At the time I was working summers in a local bicycle shop. A friend of the owner knew I was into antique Jeeps as I often drove the Willys MB to work. He asked if I had ever heard of an Austin Champ. He said his 92 year old father had one in his workshop and wanted to sell it. (on a side note, his father was a neat fellow who worked on the Manhatten project in WW2).
I was intrigued and went home to research the vehicle. As the price was right for a penniless schoolteacher we made an arrangement and my poor put-upon rollback driver, Bob, joined me for the adventure.
The extrication was quite interesting. Brake drums were frozen and a whole pile of oddball items had to be removed to get the Champ out of its shed. The building it was in was a steel workshop built in front of another workshop. There were even tunnels going into the hillside and under the main house. (The main house was built out of salvage and painted in giant polka-dots!) I actually got lost at one point looking for a light switch.

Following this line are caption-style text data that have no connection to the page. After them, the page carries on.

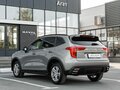 2026 Haval Jolion I Рестайлинг 2, серый - вид 10
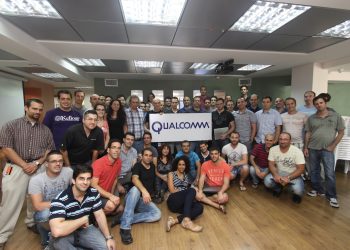 Wilocity_employees_1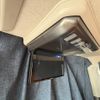 toyota hiace-wagon 2017 CFJ1780438 image 11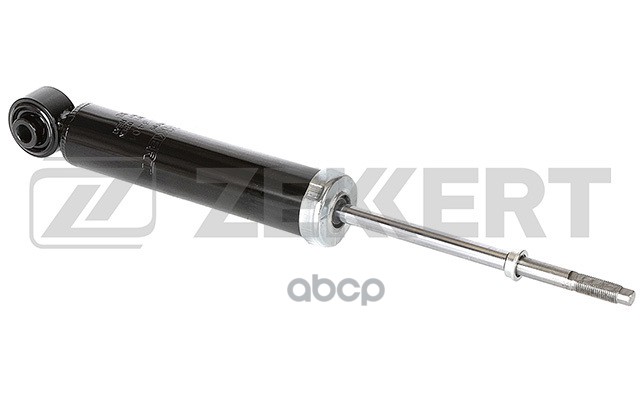 

Амортизатор подвески Zekkert SG6401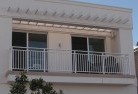 Retrobalcony-balustrades-47.jpg; ?>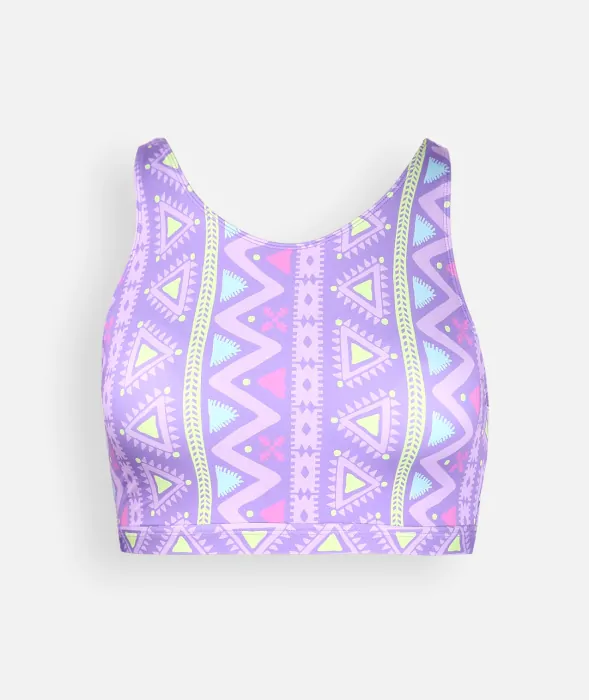 Oxbow Bra VOLTA - Image 6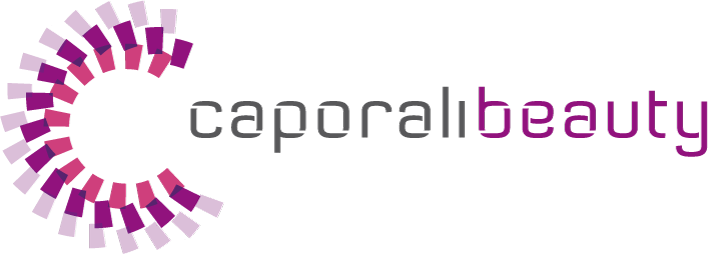 Caporali Beauty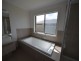 17 Horatio Court, Portland VIC 3305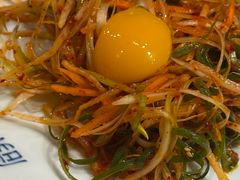 -王妃家(明洞中央店)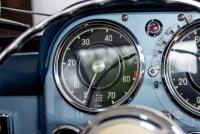 1960 Mercedes Benz 190SL convertible - &lsquo;Champion of Champions&rsquo; multiple award-winning car - 60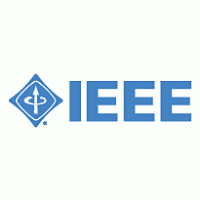 IEEE logo vector logo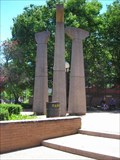 Image for Three Stone Pillars Middletown CT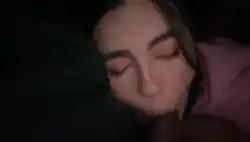 bbc-blowjob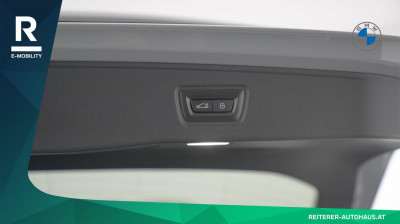 BMW i5 Vorführwagen BMW i5 Vorführwagen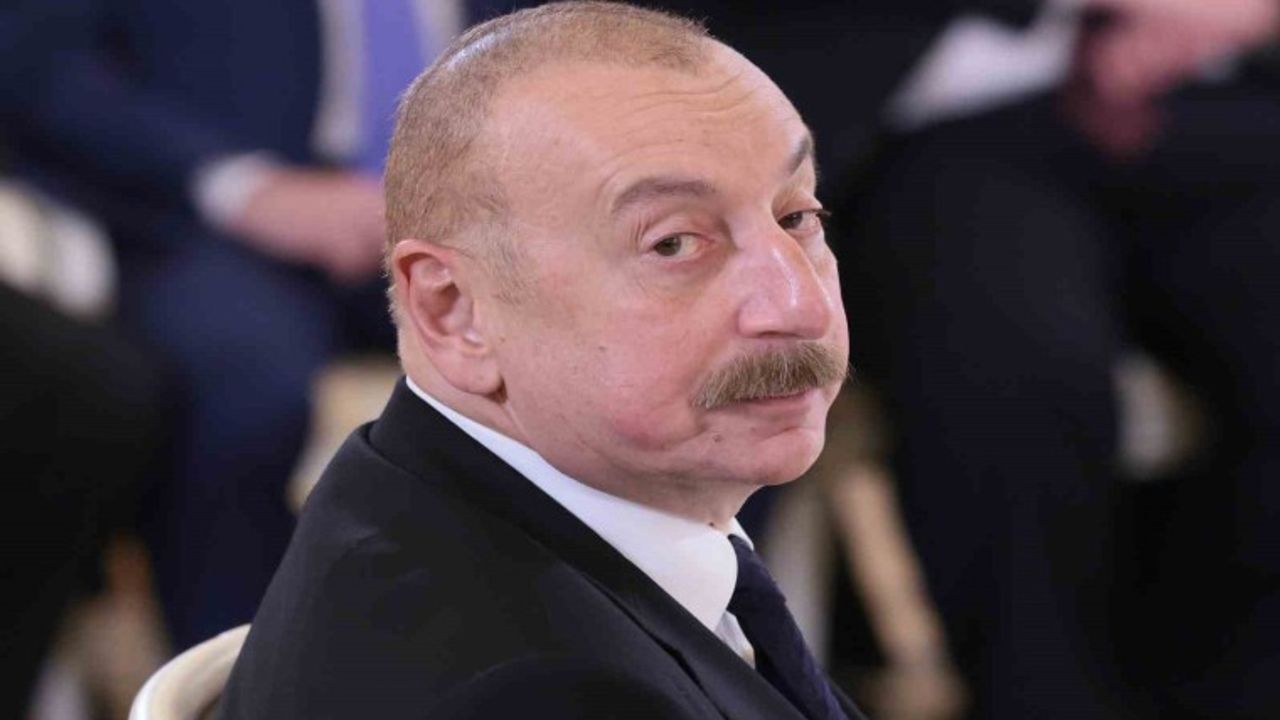 Azerbaycan’ın, Türkiye’yi ayağa kaldıran o kararı sonrası flaş gelişme! Az önce duyuruldu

The Austin Champs were made in the early 1950s and were eventually replaced with the more simple and lightweight Landrovers. After I worked on the Champ for a while I really felt like it was designed by a committee. Very heavy and over-engineered. After putting a good amount of work into it I finally sold it and put the time into restoring my father’s ’56 Porsche instead.
Champs are neat vehicles though, and I think less than 900 still exist. To find out more about them visit the Owners’ Club at: www.Austinchamp.com I wish I had possessed the time and money to restore the one I owned briefly. But I know it is happy in its new home.